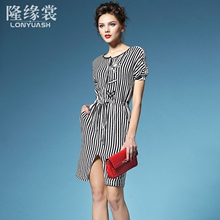 隆缘裳女装夏装2016新款潮休闲撞色条纹蝙蝠袖修身真丝连衣裙8189图片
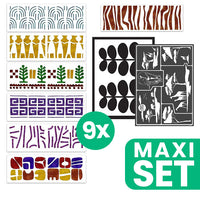 Collezione di stencil per pittura a tema ETHNO - 9 pezzi
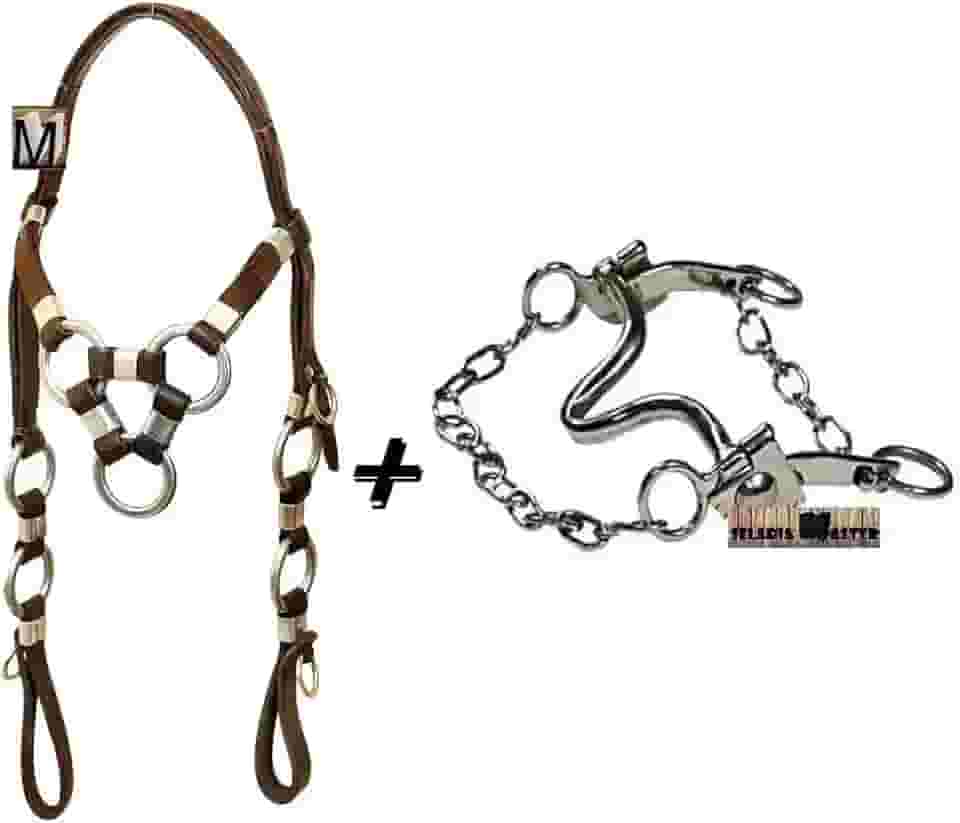 Cabeçada Couro 3 Argolas + Freio Inox Leve Para Cavalo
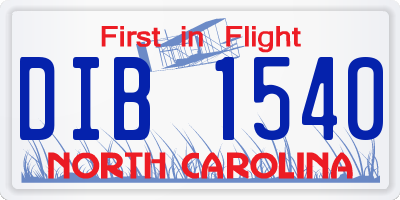 NC license plate DIB1540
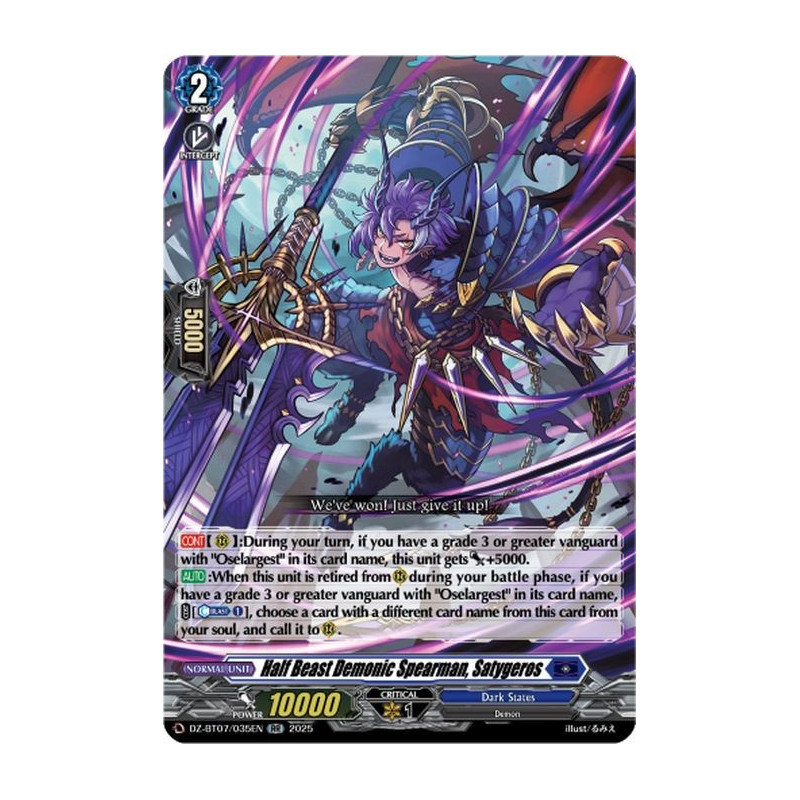 Vanguard_TCG_card_DZ-BT07_035EN_RR_Half_Beast_Demonic_Spearman_Satygeros_Moon_Fangs_Cerulean_Blaze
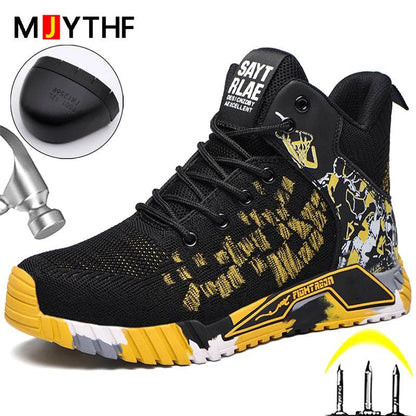Fashion 2024 Men Work Safety Boots Anti-smash Anti-puncture Work Sneakers High Top Safety Shoes Men Indestructible Work Boots - Touchy Style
_ _ _
# EXERCISE DETAILS
Omitting the images, transcribe every record exactly.

# YOUR SOLUTION
 隆缘裳女装夏装2016新款潮休闲撞色条纹蝙蝠袖修身真丝连衣裙8189图片
 Collezione di stencil per pittura a tema ETHNO - 9 pezzi
 Cabeçada Couro 3 Argolas + Freio Inox Leve Para Cavalo
 NC license plate DIB1540
 Vanguard_TCG_card_DZ-BT07_035EN_RR_Half_Beast_Demonic_Spearman_Satygeros_Moon_Fangs_Cerulean_Blaze
Fashion 2024 Men Work Safety Boots Anti-smash Anti-puncture Work Sneakers High Top Safety Shoes Men Indestructible Work Boots - Touchy Style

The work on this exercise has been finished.